It is worth to note that not all the pre-located anchors are employed for training due to its class imbalance problem, that is, majority of the dense anchors are easy samples with class not-object. And if all these anchors are taken into account, they would overwhelm the detector during training. In this paper, we focus on this class imbalance problem in RPN.

Class Imbalance. As same as RPN in two-stage detectors, one-stage detectors also encounter class imbalance during training [3, 11,12,13], and some types of example sampling strategies are often the employed solutions [11, 14, 23]. In contrast, Lin et al. [3] propose a novel type of loss function, called focal loss, to down-weight the losses of easy samples, so as to include all samples for training and handle the class imbalance. Inspired by this work, we try to adapt focal loss to RPN such that we can also avoid the sampling process during the training of RPN.

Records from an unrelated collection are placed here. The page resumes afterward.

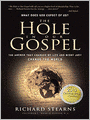 A Hole in Our Gospel: What Does God Expect of Us? The Answer That Changed My Life and Might Just Change the World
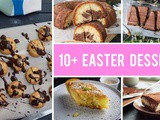 10+ Easter Desserts That Will Impress Your Family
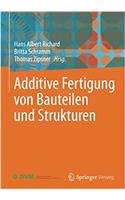 Additive Fertigung Von Bauteilen Und Strukturen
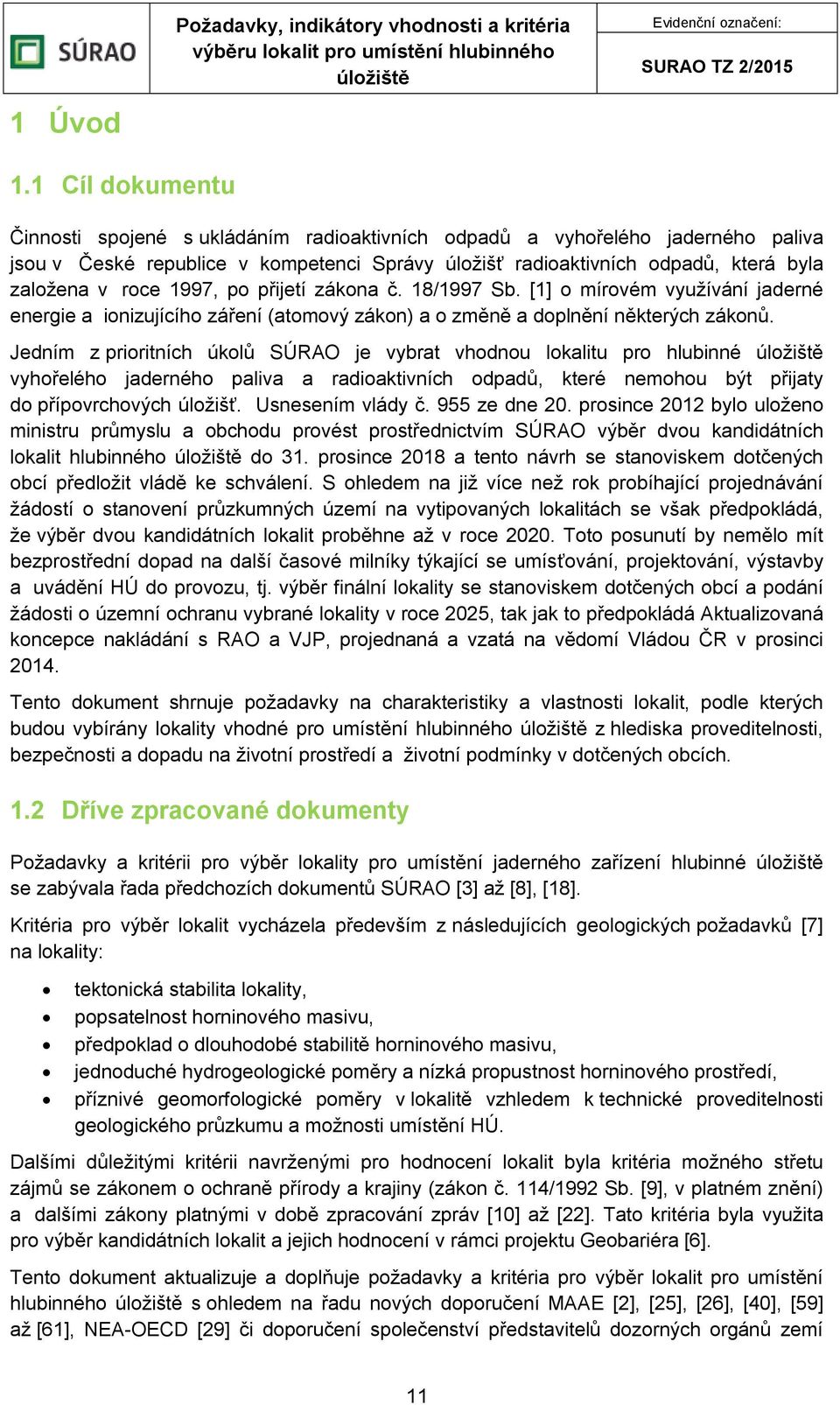 1997, po přijetí zákona č. 18/1997 Sb. [1] o mírovém využívání jaderné energie a ionizujícího záření (atomový zákon) a o změně a doplnění některých zákonů.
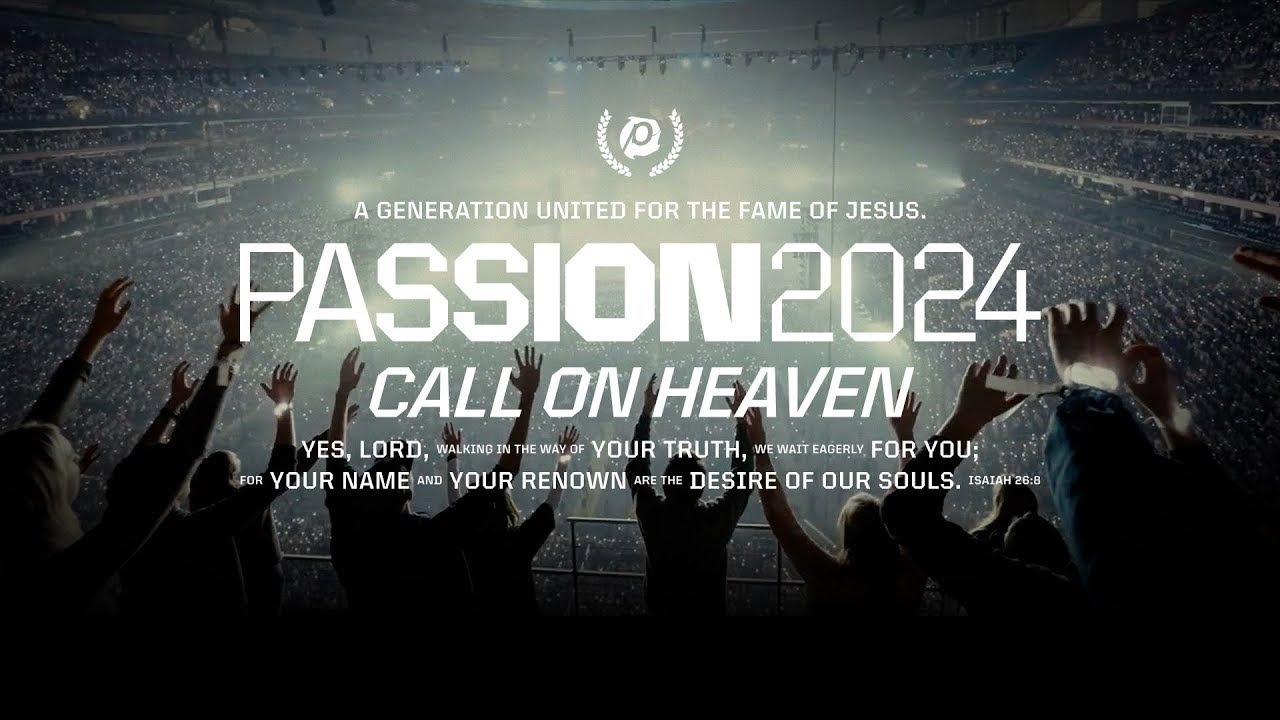 Come With Me To 2024 Passion Conference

Loss Function Design. There are two tasks, classification (cls) and bounding box regression (reg), in both first and second stage of these two-stage methods, which classifies the anchors/proposals to a specific class and regresses the bouncing boxes, respectively. The cls loss is taken as standard cross entropy loss, while for binary cls, it is shown as:

$$\begin{aligned} CE\left( p,y\right)&=\frac{1}{N_{cls}}\sum _{i}CE\left( p_{i},y_{i}\right) \nonumber \\&=\frac{1}{N_{cls}}\sum _{i}y_{i}\log (p_{i})+\left( 1-y_{i}\right) \log \left( 1-p_{i}\right) \end{aligned}$$

(1)

where $y_{i}$ is the label, $p_{i}$ is the estimated probability for each sample, and $N_{cls}$ is the number of samples and taken as a normalization term. For multi-class cls task, the cross entropy loss can be extended straightforwardly.

For the reg task, smoothed $L_{1}$ loss [7] is applied as:

$$\begin{aligned} smooth_{L_{1}}\left( x\right) ={\left\{ \begin{array}{ll} \begin{array}{cc} 0.5x^{2\,\,\,\,\,} &{} if\,\left| x\right| \le \text {1}\,\\ \left| x\right| -0.5 &{} \,otherwise \end{array}\end{array}\right. } \end{aligned}$$

(2)

where x is the difference between anchors/proposals and bounding boxes of ground true.

We note that the cls task is object/not-object binary classification in the first stage, i.e., RPN, while in the second stage, it is taken as multi-class ones to classify foreground classes/background. For the reg tasks in both stages, the smooth $L_{1}$ loss is only computed on anchors/proposals belong to object/foreground classes.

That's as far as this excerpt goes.